Tufts corps members receive 60 hours of training to ensure they are prepared for their service, and to benefit their own learning and growth.
“There’s a huge emphasis on the education of corps members,” said Howe. “The primary focus is always the preschoolers, but they are committed to developing and supporting us, through skills training, and helping to build resumes. I’ve seen the benefits of being held to standards in a professional environment.”
“Part of that education is spending time on the big issues of poverty,” she continued. “Training focuses especially on children growing up in poverty, and how to deal with issues of domestic violence, abuse, and the consequences of poverty. It builds a heightened awareness.”
Jumpstart at Tufts partners with four schools in Somerville, and recently added a fifth partner site in Boston’s Chinatown.
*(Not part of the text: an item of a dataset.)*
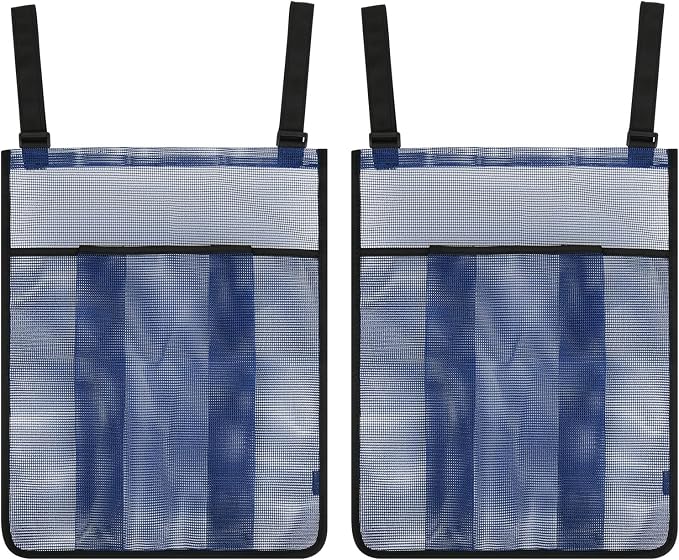 2 Pieces Trampoline Shoes Bag, Storage Mesh Bag With 2 Hook and Loop Strap, Shoe Holder, Indoor Fitness Shoes Organizer, Equipment Bag Accessories (Blue)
Five corps members and three additional volunteer readers are working with students at the Wang YMCA, and the program will expand in the spring. Serving as volunteer coordinator, Howe helps to recruit and train the volunteers who complement the work of the corps members. Last year, 84 volunteers served over 220 hours during 12 different events.
A political science and peace and justice studies double major, Howe is particularly interested in systemic issues.
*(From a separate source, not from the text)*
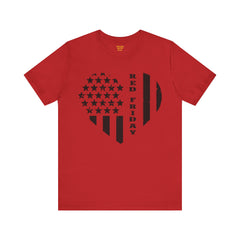 RED Friday Heart Unisex Jersey Short Sleeve Tee / for him or her / support those deployed / military family and friends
“My love is domestic policy and social issues,” she said. “Education has such an important role in shaping the country, and the workings of democracy. I think Jumpstart is crucial for the next generation, and the success of America. I love working with kids in the classroom, but the lens into policy and the politics of education is so instructive.”
Howe recently got to explore the advocacy piece of Jumpstart’s work, serving as a key organizer for the local portion of Jumpstart’s national Read for the Record campaign. Held on October 4 this year, this annual event unites students across the country, and recruits political leaders to participate and raise awareness about childhood literacy.
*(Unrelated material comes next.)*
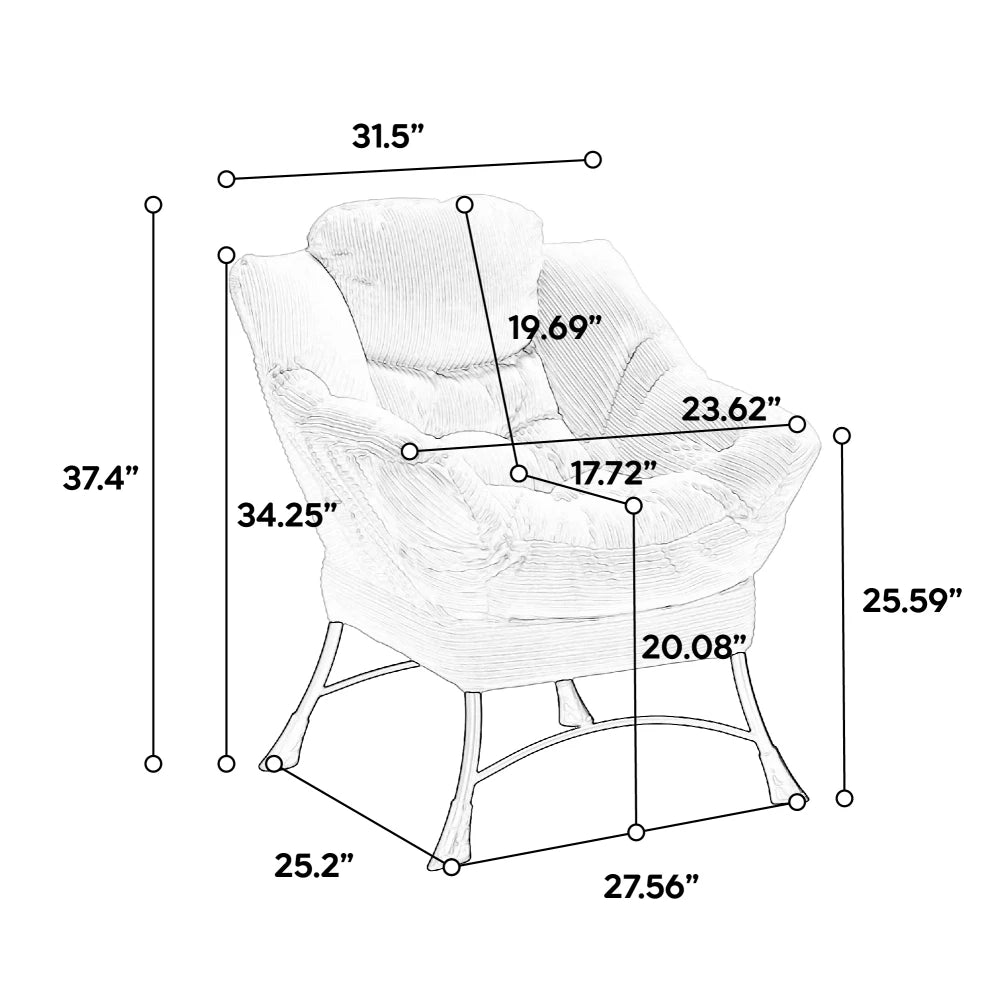 Modern Lazy Chair with Ottoman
Students from the Chinatown site attended an event at the Boston Public Library in Copley Square, where Massachusetts first lady Diane Patrick read to hundreds. Organized by Howe, kids from Somerville came to the Open Center for Children, next to the Tufts campus, where state senator Pat Jehlen read.
“Read for the Record gets kids across the country all reading the same book at the same time,” said Howe. “After the reading, our kids got a craft bag and all did an activity, based on this year’s book, ‘Ladybug Girl and the Bug Squad.’”
In addition to organizing public events, Howe provides support to corps members and the schools.
“It’s about asking partner sites ‘What do you need?’ and trying to meet that,” she said. “We’ve done clothing drives, especially for winter gear like jackets and boots. Tufts a cappella and dance groups have done shows and worked with the kids. Athletics teams and other Tufts groups come for service projects, like repainting.”
A newer program pairs Jumpstart members with students in the elementary grades at Somerville’s Arthur D. Healy School, located near the Mystic River Housing Development.
“A lot of the kids from the preschools we serve go on to Healy,” said Howe. “This is a way to keep up those relationships. Tufts students work one-on-one with a child and take turns reading back and forth.”
Now in her second year with Jumpstart, Howe says her experiences have given her a nuanced understanding of active citizenship.
“I think there are different levels of involvement,” she said. “Most broadly, I think active citizenship means being aware of the needs of people besides yourself, and being committed to addressing those needs. It’s putting in the effort to understand issues and solutions, being willing to apply knowledge, really communicate, and build the kinds of organizations that have lasting effects.”